CEA Executive Vice President and energy-consumer advocate Michael Whatley disputed a report released today by Consumer Watchdog claiming the Keystone XL would increase gasoline prices:

“Any analysis which attempts to show that adding 830,000 barrels per day of highly-discounted oil to U.S. markets will raise gasoline prices is not worth the paper it is written on. With shipments from Mexico and Venezuela on the decline, Gulf Coast refiners will need to increase their purchases from low-cost North American sources or higher-cost overseas sources. Given that gasoline and diesel prices are pegged directly to crude oil prices, the construction of Keystone XL will reduce prices – a fact clearly understood by the 68% of Americans who support construction of this vital project.”

Citing a 2011 U.S. Department of Energy memorandum on Keystone XL, Whatley noted that:

“Experts at the Department of Energy concluded that Keystone XL and other infrastructure projects that eliminate transportation constraints from Cushing to Houston, ‘would not adversely affect Midwest gasoline consumers.’ The memorandum goes on to detail how Keystone XL would, in fact, lower gasoline prices in fuel markets served by refineries in the Gulf Coast, including consumers in the Midwest. Clearly, Consumer Watchdog and its anti-Keystone XL billionaire backer, Tom Steyer, continue to choose ideology over logic.”

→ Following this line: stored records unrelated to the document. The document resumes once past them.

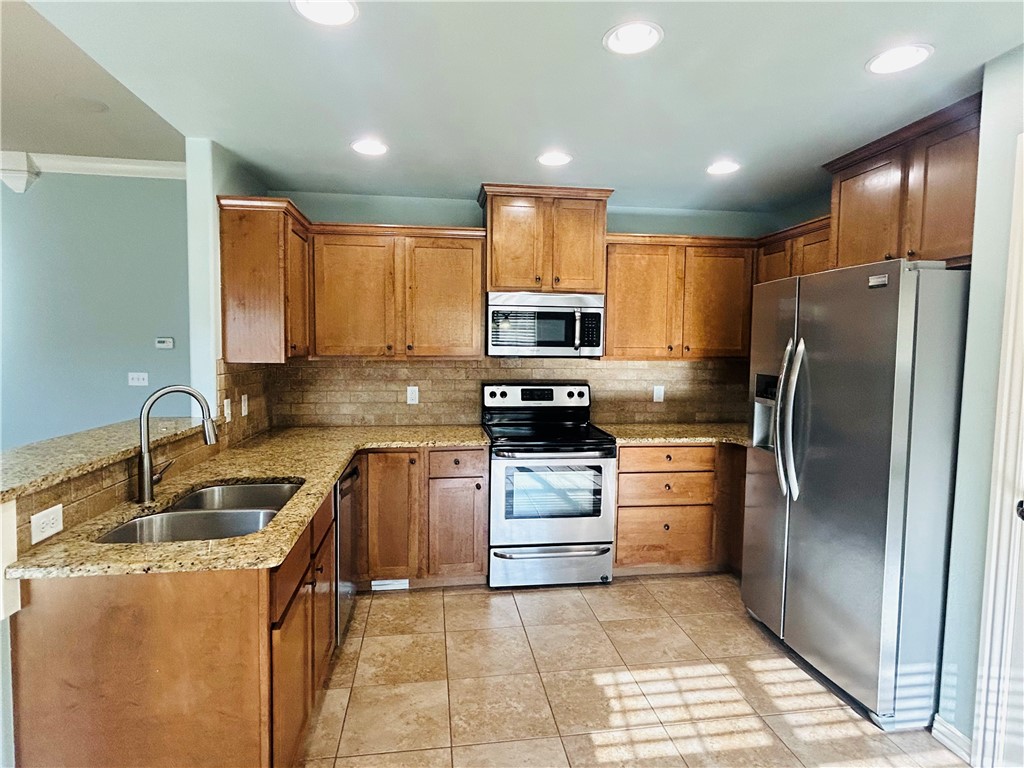 Lonesome Pond Sub Bentonville - Residential Lease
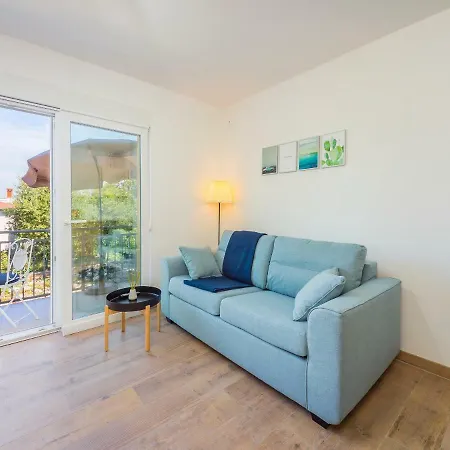 Pensionat Appartments Adriatic 4*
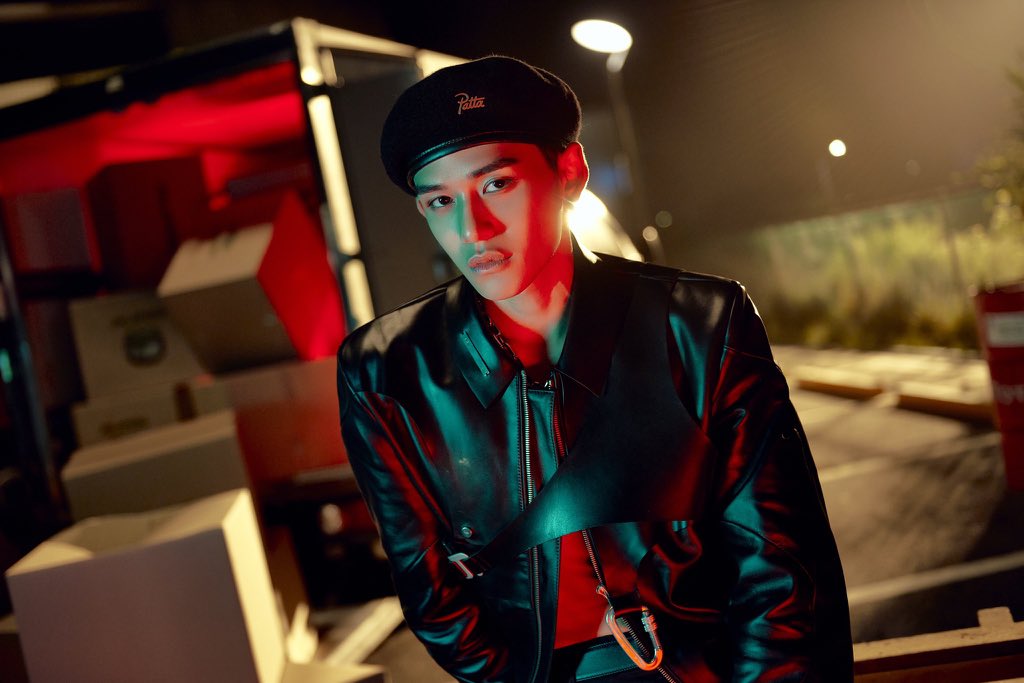 Perfectly deliver my kind of a glamorous night on my second teaser of Jalapeño. Topless in an all-black costume still with a leather jacket on point and a beret this time. Plus those red light that shines on my face, still giving off that Jalapeño vibes.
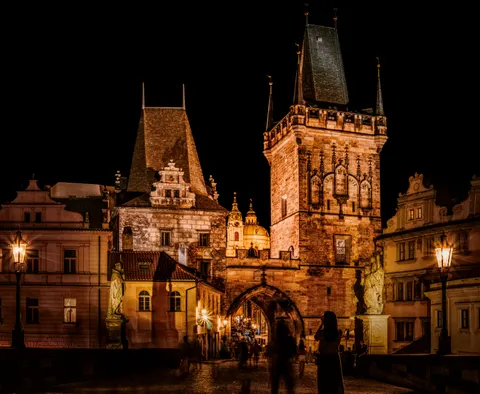 Old Town Street 4K Wallpaper · architecture · 3840×3152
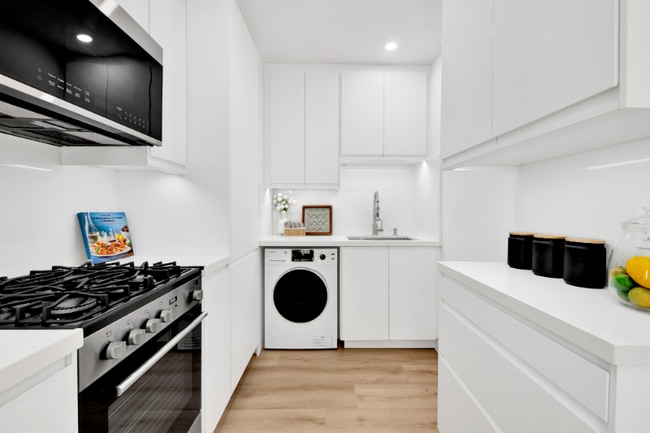 Photo - 2350 E Poppy St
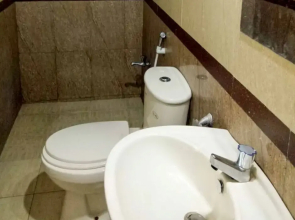 Yoho Villa 84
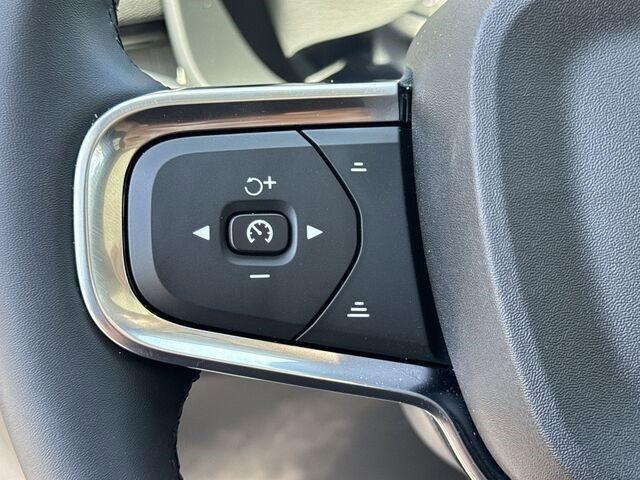 new 2024 Volvo XC40 car, priced at $42,674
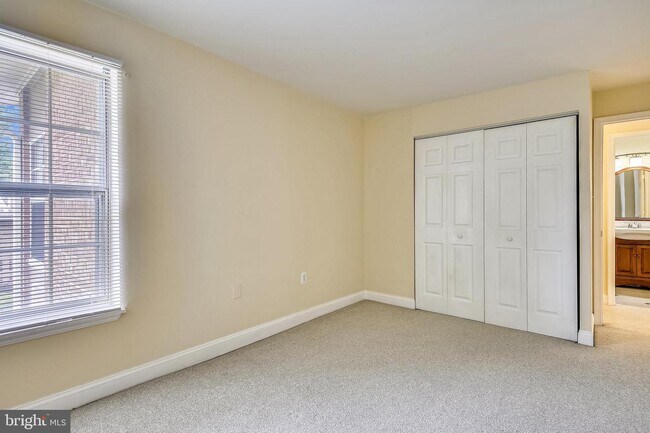 Building Photo - 1952 Kennedy Dr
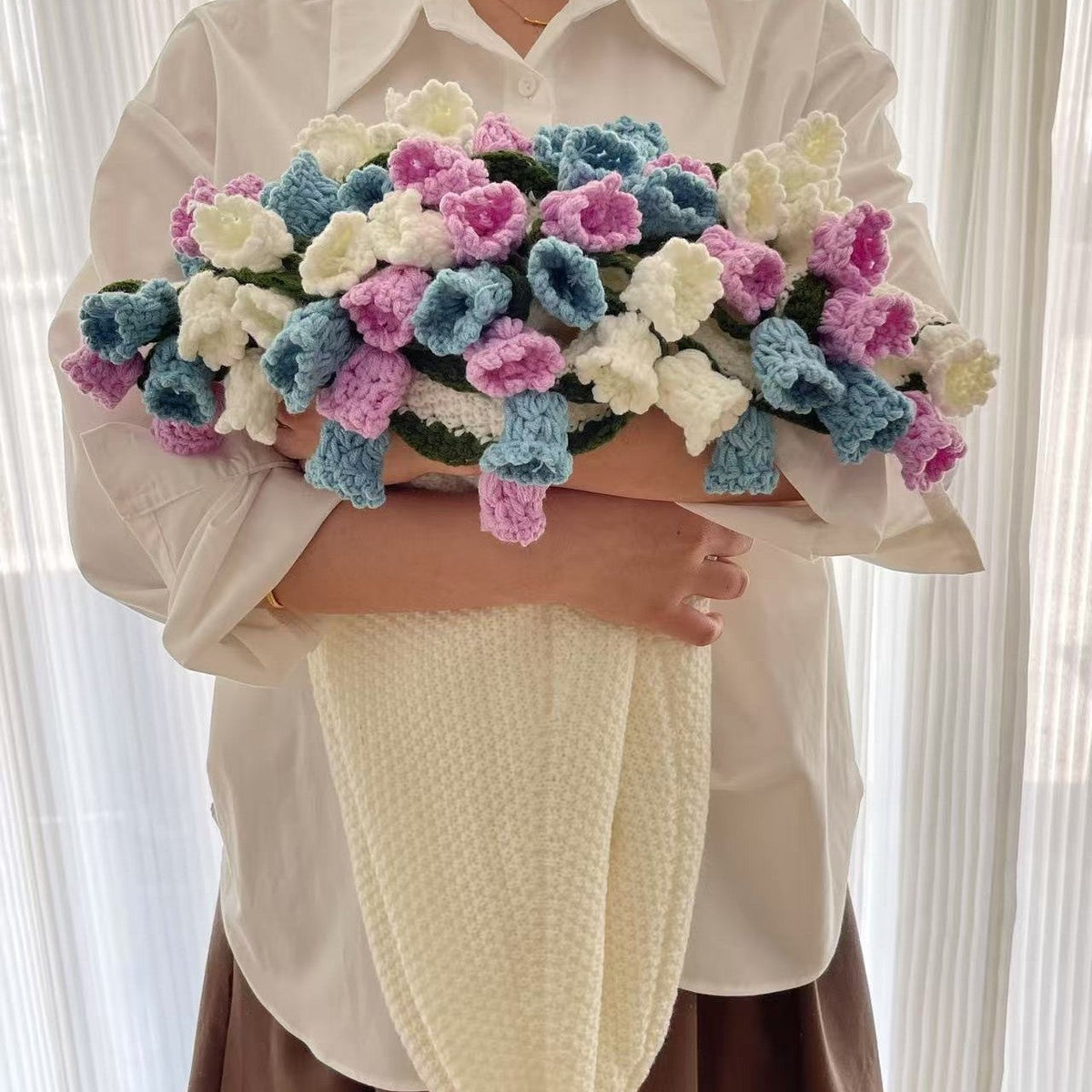 Rose Bouquet Blanket – Handwoven Floral Cozy Decor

From U.S. Department of Energy memorandum to the U.S. State Department (emphasis added):

Eliminating transportation constraints from Cushing to Houston would not adversely affect Midwest gasoline consumers. While Midwest refiners are currently benefiting form high crude discounts compared to PADD I and PADD III refiners, Midwest gasoline consumers are not benefiting from them. Retail gasoline prices reflect the wholesale price of marginal gasoline supplies. In 2010, marginal gasoline supplies to the Midwest were from PADD III (310 thousand barrels/day) and PADD I (180 thousand barrels/day). With substantial additional volumes of light-sweet and other crudes accessible to Gulf Coast refineries, WTI prices would increase. Brent, Argus and other marker crude prices would decline. Crude costs to PADDI and PADD III refineries would lower. Gasoline prices in all markets served by PADD I and III refiners would decrease, including the Midwest.